Text in red indicates a warning that you must not defy.
Text in bold and green denotes that it requires modification for individual users i.e. do not simply copy and paste without properly adapting it first.
Text in bold and orange denote that is requires modification for At vs. Soy work.
User maintained software space can be requested through the HPC. For our course, the software is INSTRUCTOR maintained and is located path: /usr/local/usrapps/bitcpt. If you would like to use additional software beyond fastqc, star or salmon you will need to ask you instructor to install it as YOU do not have permission from the HP to install user maintained software.
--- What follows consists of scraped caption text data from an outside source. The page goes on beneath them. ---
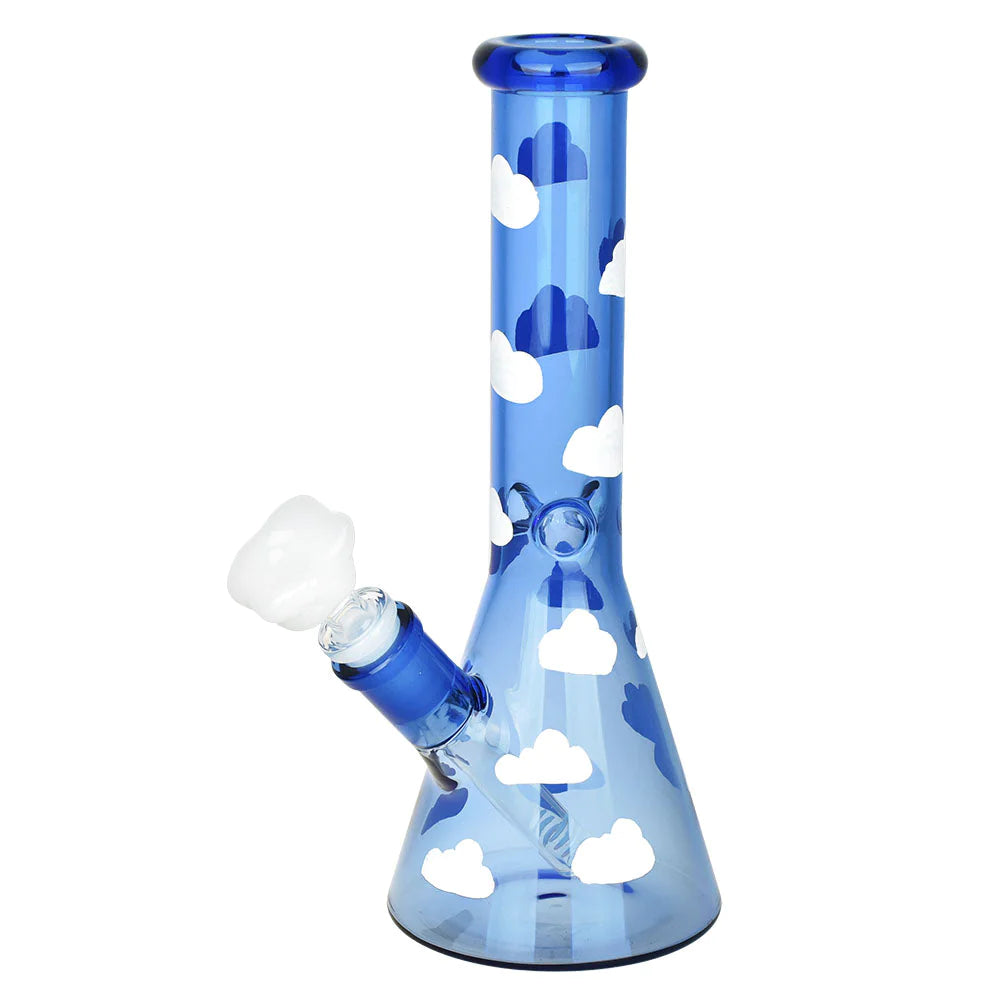 Cloud Glass Bong - 10 IN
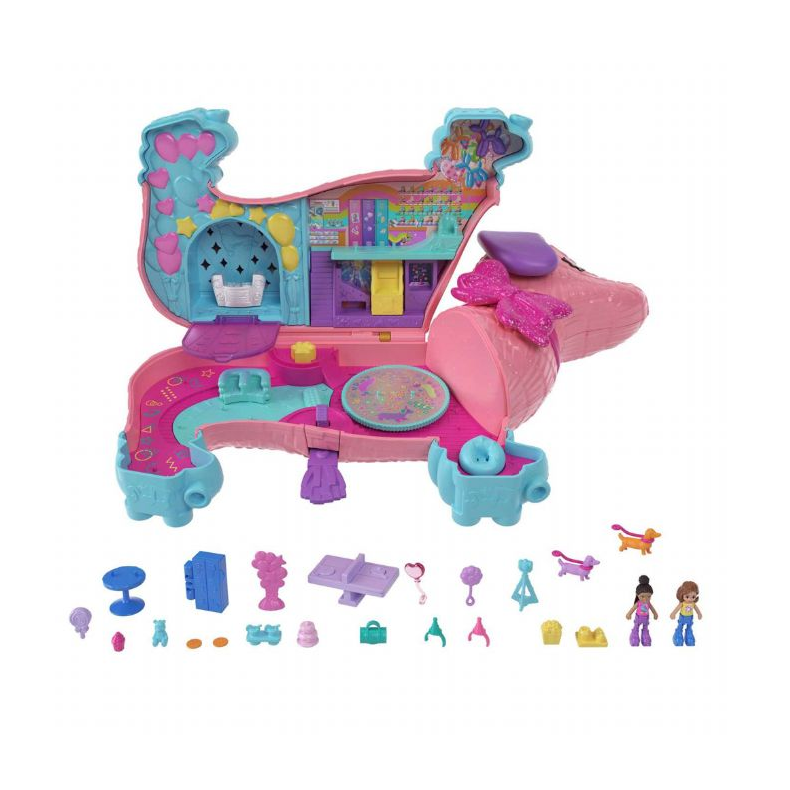 Polly Pocket Puppy Party Playset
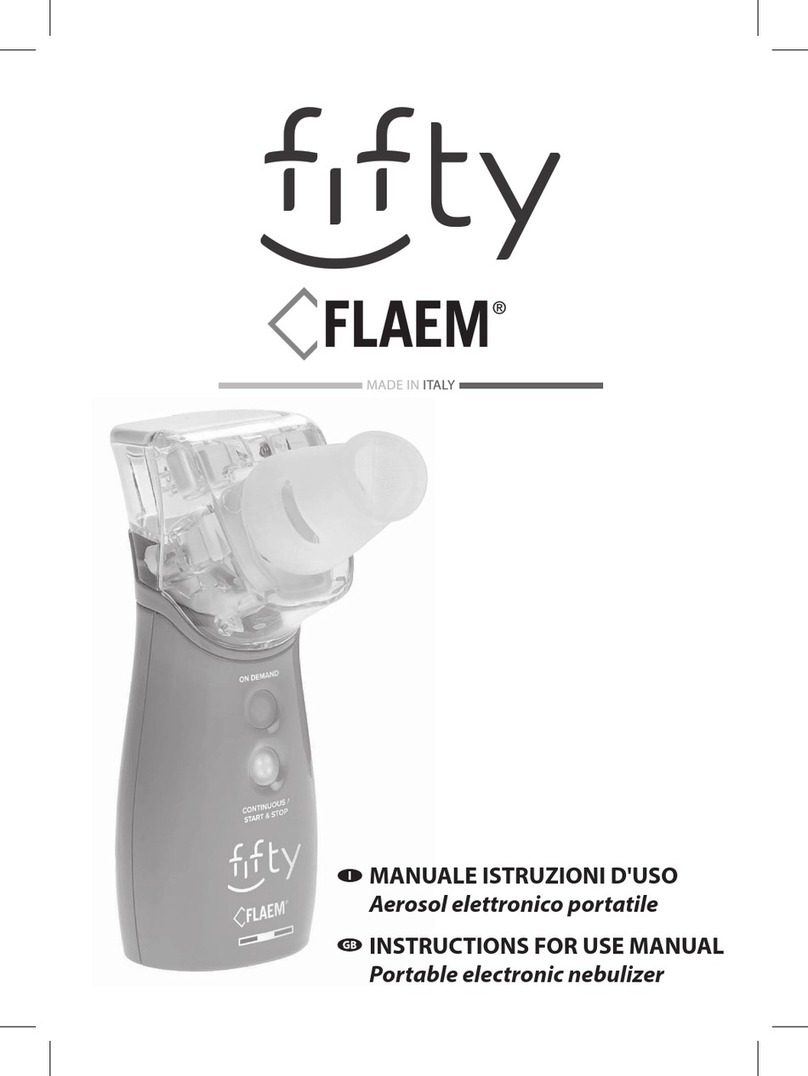 Flaem fifty Manual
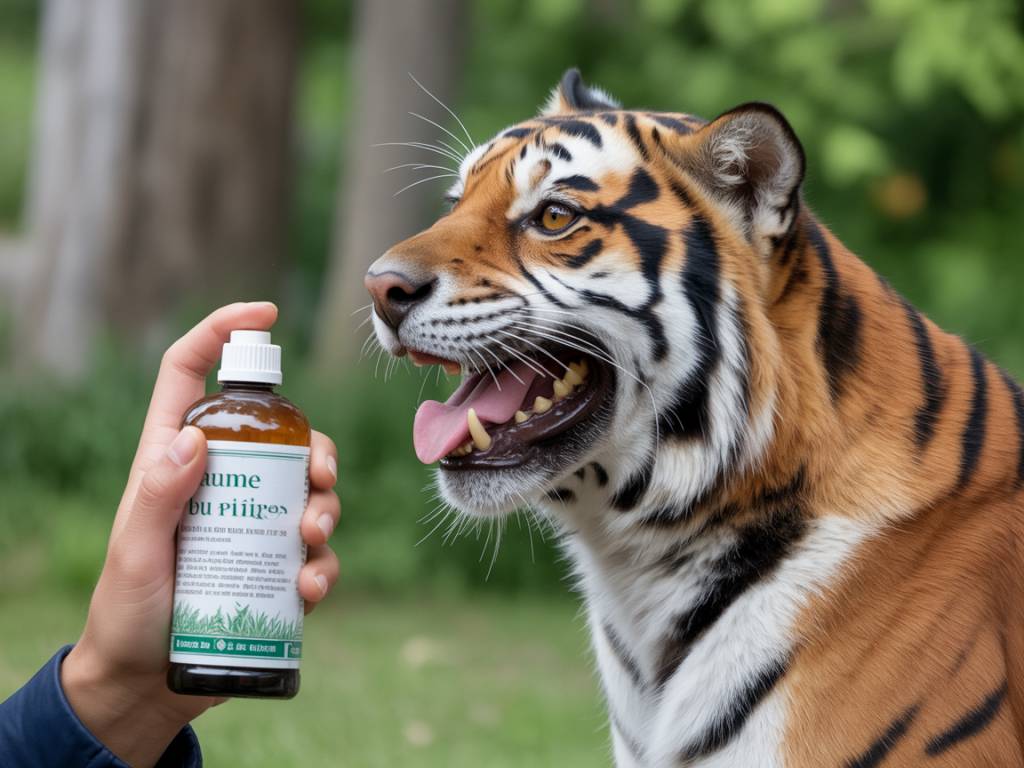 Application du baume du tigre en cas de piqûres d'insectes : mode d’emploi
To use user maintained software like fastqc, star or salmon you will need give the location of the software and it's executable file like this:
/usr/local/usrapps/bitcpt/fastqc/bin/fastqc
To check that fastqc has been successfully activated, you can print the fastqc help screen and also read useful options to use it right before employing it.
fastqc -h
fastqc sequence_file_name.fq.gz
so long as you are in the working directory where the data files are stored
fastqc /path/directory/subdirectory/sequence_file_name.fq.gz
giving the full path will always work no matter your current working directory
We won't be using either of these methods because we all are sharing our data and all of our output files would overwrite one another in the RawData directories. However if you did go about running one data file at a time this is an example of what your output would look like for one data file.
Ex: At-Leaf_L02_1.fq.gz
To run a fastqc on many files and specify a new location for their data output (which is what we will do) you will modify and use a script.
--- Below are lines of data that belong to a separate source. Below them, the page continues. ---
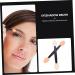 Didiseaon 100pcs Double Ended Eyeshadow Brush Eyeshadow Stick Eye Shadow Applicator Makeup Brush Bulk Tool 6.5x1.3cm Black - Buy Online on GoSupps.com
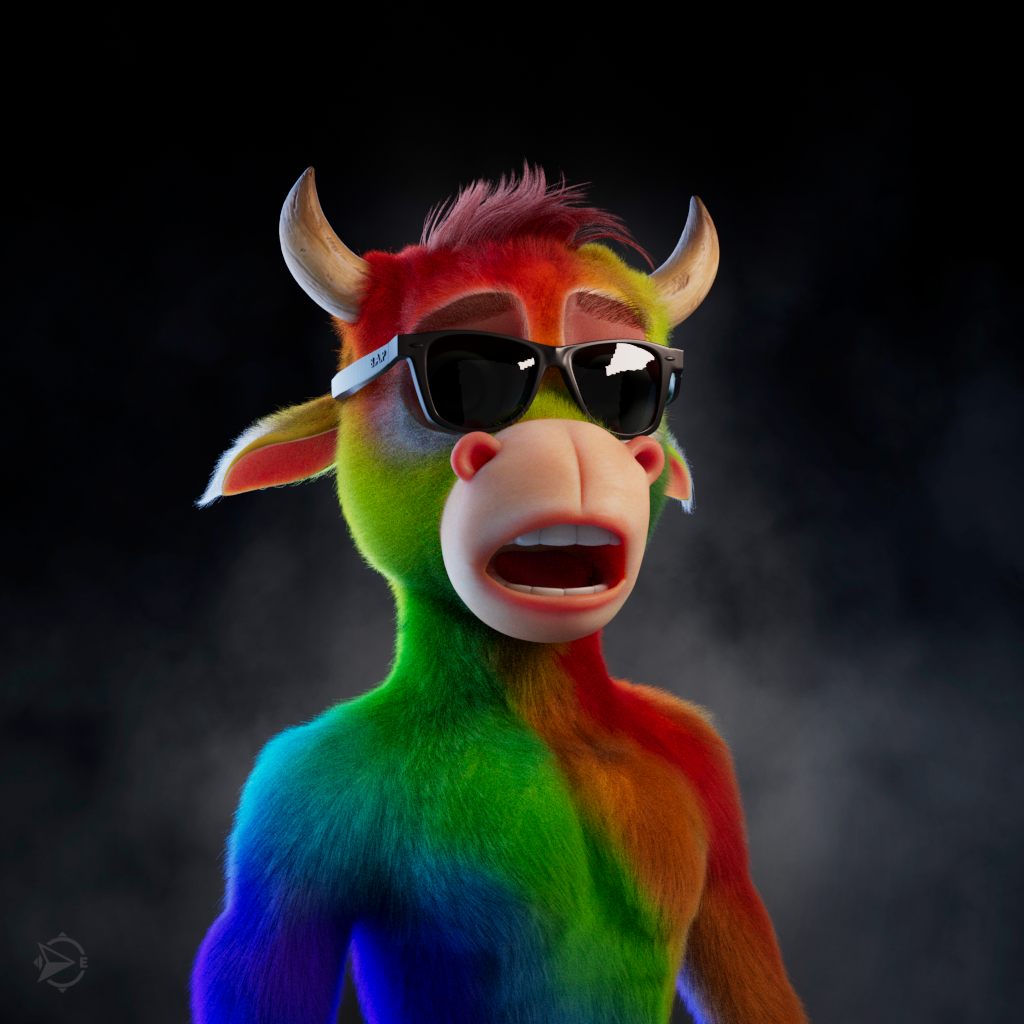Teen Bull #12955
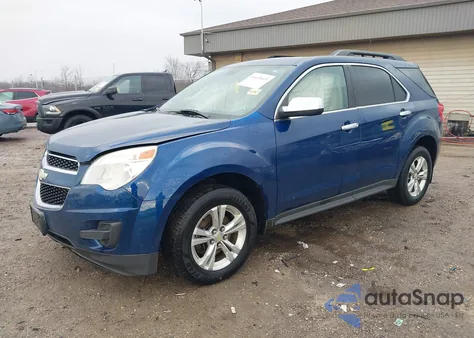 2010 Chevrolet Equinox Lt z USA, uszkodzony, nr VIN 2CNFLEEW4A6317862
Use this link to download a copy of this text file to your Desktop: At.fastqc.sh
Let's take a look:
#!/bin/tcsh
#BSUB -J fastqc_At_GroupName #job name
#BSUB -n 20 #number of nodes
#BSUB -W 2:0 #time for job to complete
#BSUB -o fastqc.%J.out #output file
#BSUB -e fastqc.%J.err #error file
# For running fastqc on all my Arabidopsis samples
# Run in working directory /share/bitcpt/S23/UnityID/At
# Must run this in working directory with subdirectory named /fastqc
# -t specifies number of threads
/usr/local/usrapps/bitcpt/fastqc/bin/fastqc /share/bitcpt/S23/RawData/Arabidopsis_thaliana/* -t 20 -outdir ./fastqc
Line 1:#!/bin/tcsh
This is the LFS header with:
the shbang (#!)
/bin/tcsh for working on the LFS
Line 2: #BSUB -J fastqc_At_GroupName #job name
#BSUB is for LFS scripts
-J indicates the job name, as indicated by the hash note #job name
Line 3: #BSUB -n 20 #number of nodes
#BSUB is for LFS scripts
-n 20 indicates use of 20 nodes, as indicated by the hash note #number of nodes
Line 4: #BSUB -W 2:0 #time for job to complete
#BSUB is for LFS scripts
-W indicates wall clock time of 2 hours, as indicated by the hash note #time for job to complete
Line 5: #BSUB -o fastqc.%J.out #output file
#BSUB is for LFS scripts
-o indicates where the output files should be written, as indicated by the hash note #output file
Line 6: #BSUB -e fastqc.%J.err #error file
#BSUB is for LFS scripts
-e indicates where the error file should be written, as indicated by the hash note #error file
Line 7:
blank for aesthetic privilege
Line 8:# For running fastqc on all my Arabidopsis samples
Line 9: # Run in working directory /share/bitcpt/S23/UnityID/At
Line 10: # Must run this in working directory with subdirectory named /fastqc
Lines 8-10 are hash (#) notes for our future selves indicating key elements of the script and working directory for it to be run successfully.
Line 11:
blank for aesthetic privilege
Line 12: # -t specifies number of threads
hash (#) note for our future self about the -t in the next line
Line 13: /usr/local/usrapps/bitcpt/fastqc/bin/fastqc /share/bitcpt/S23/RawData/Arabidopsis_thaliana/* -t 20 -outdir ./fastqc
/usr/local/usrapps/bitcpt/fastqc/bin/fastqc where the command is installed
/share/bitcpt/S23/RawData/Arabidopsis_thaliana* = input file path; * = wildcard character signifying ALL
-t 20 = option to use 20 threads
-outdir = option to indicate where the output files will be generated, requires directory to be specified
./fastqc = specified path for the directory where the output files will be generated
Here's what the script looks like. You can copy and paste this directly into a script (not the head node!)
#!/bin/tcsh
#BSUB -J fastqc_At #job name
#BSUB -n 20 #number of nodes
#BSUB -W 2:0 #time for job to complete
#BSUB -o fastqc.%J.out #output file
#BSUB -e fastqc.%J.err #error file
# For running fastqc on all my Arabidopsis samples
# Run in working directory /share/bitcpt/S23/UnityID/At
# Must run this in working directory with subdirectory named /fastqc
# -t specifies number of threads
/usr/local/usrapps/bitcpt/fastqc/bin/fastqc /share/bitcpt/S23/RawData/Arabidopsis_thaliana/* -t 20 -outdir ./fastqc
File transfer fastqc script from local machine to Henry2
Transfer the At.fastqc.sh text file to your At project working directory /share/bitcpt/S23/UnityID/At
Method 1: Use Globus Personal Connect to transfer the file from your Desktop to your At project working directory
Method 2: use the scp command working from your local machine and transfer a file from your local machine to HPC. You will have to enter your login password and 2-step verify in order for the transfer to be successful which is tedious.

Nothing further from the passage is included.